19 And not being weak in faith,
Abraham’s and Sarah’s bodies were becoming increasingly weak, but his faith did not weaken. Doubt was not in his vocabulary. He did not waver in faith; he did not vacillate between doubt and faith. Weak or wavering faith is doubt. He trusted God for 25 years to fulfill His promise.
he did not consider [evaluate attentively] his own body, already dead (since he was about 100 years old, he was sexually dead),
If Abraham would have looked at the reality of his 100 years of age and sexually dead body, he would not have exercised faith. He did not factor in his sexual deadness when appropriating his faith.
and the deadness of Sarah’s womb.
Another obstacle to his believing the promise of God was Sarah’s sexual deadness. It was not possible to have children by normal sexual relations. Far from believing without support, Abraham believed in the face of the facts sharply disparate to human evidence. From a human viewpoint, his situation was without hope.
PRINCIPLE:
We need to trust God even when the situation looks impossible.
APPLICATION:
Faith is weak when it allows itself to depend on human dynamics. Faith does not reject reality, but it is not limited to the best estimates of what is possible. Only God can give life where there is no life. He is not bound by the creation order.
When we believe in the promise of John 3:16, God gives us eternal life. We know nothing about obtaining salvation apart from God’s Word. When we claim 1 Peter 5:7, God frees us from anxiety. This is holding God to His Word and believing His promises. His Word is His bond; He will never go back on it. That is why we can trust the naked Word of God and the promises it contains.
Faith does not ignore the facts but sees beyond them. It is no escapism from reality nor is it fideism (faith in faith). True faith always rests on the facts of God’s promises. Thus, faith both recognizes facts and sees beyond the facts. Abraham weighed the stark reality of his sexual impotence but he believed God nevertheless. He counted on God to be true to His Word. There is no merit in faith itself but in what faith believes. There is no virtue in self-delusion.
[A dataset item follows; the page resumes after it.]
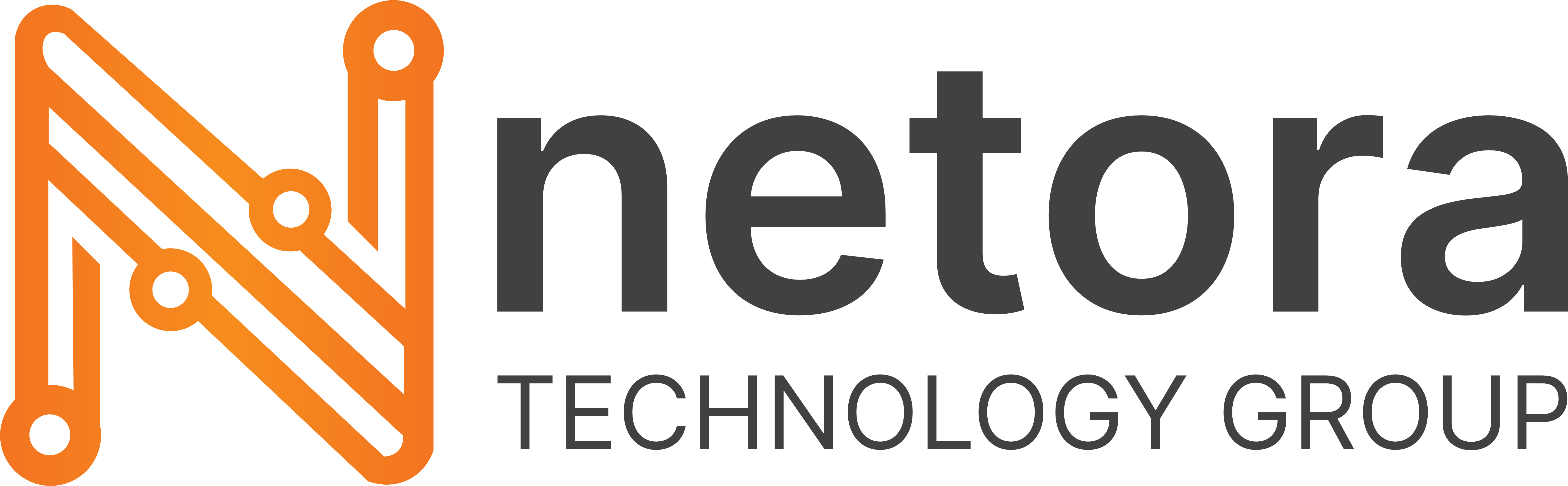 Netora - сетевое оборудование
On the other hand, rationalism (belief that reason alone is the way to truth) is not enough to reach truth. Reason cannot autonomously judge revelation. It is too finite, too fickle, because philosophy cannot come to universal truth. Recent secular thinking acknowledges the failure of philosophy. Its attempt to sit in judgment on the Word of God has failed. This presumes that the self (solipsism) is ultimate and always ends in a fragmented view of truth. This presumption sets up bias against another alternative. The bottom line is that this is a spiritual issue, not a factual issue. There is another reality beyond self—faith in the Word of God. This faith gives a universal view of reality deduced by God for man.
There is a difference between credulity and credibility. Faith is not gullible or naïve. True faith involves critical analysis; it is not uncritical of any idea that comes down the pike. Neither is it susceptible to any thesis that comes out of the blue. It is not trust without objectivity. The mumbo-jumbo of blind trust is not biblical faith. Acceptance of any propaganda and the attempt to justify it at the expense of reason is credulity. Abraham indeed saw the reality of his sexual capacity. Doubt would have looked at his body as dead sexually without any other alternative.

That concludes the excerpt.